The second disappointment is the obvious one: GPT-J is a raw language model, not an assistant. It completes text. It has not been instruction-tuned to be helpful, so it will happily wander off, contradict itself, or confidently invent. Prompt it like the autocomplete-from-the-internet that it is, give it a strong leading context, and it's far more useful than if you treat it like something it isn't.

Fitting it on a smaller card

If you're on 8 GB and feeling brave, the route is 8-bit weights via bitsandbytes, which quantises the parameters down further at some quality cost. It's fiddlier to get the CUDA bits lined up, and it's slower again, but it's the difference between "runs" and "doesn't" on a card that can't hold 12 GB of fp16. I got it limping on a smaller card this way as an experiment; I wouldn't want it as my daily driver.

Was it worth it?

For the novelty and the learning, absolutely. There's something quietly satisfying about a capable language model generating text on hardware sitting under your desk, no API key, no rate limit, no terms of service deciding what it'll answer. The cost is real, though, and worth being honest about: VRAM you have to plan around, speed you have to accept, and output you have to wrangle because it hasn't been tuned to behave.

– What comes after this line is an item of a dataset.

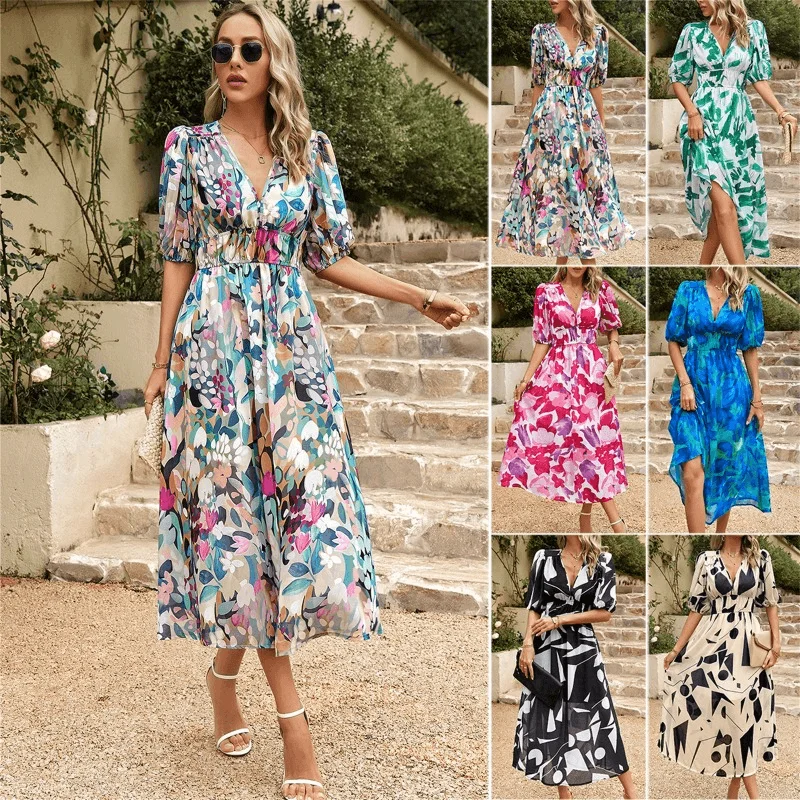 2023 Summer Harvest Waist Cinching V Neck Printed Maxi Dress Comfortable Maxi Look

I don't think local models replace the hosted ones for me yet, not for anything where I want answers rather than completions. But the gap is closing faster than I expected a year ago, and having the whole thing running on my own metal means when it does close, I'll already know the plumbing. That, more than any single generated paragraph, was the point of the exercise.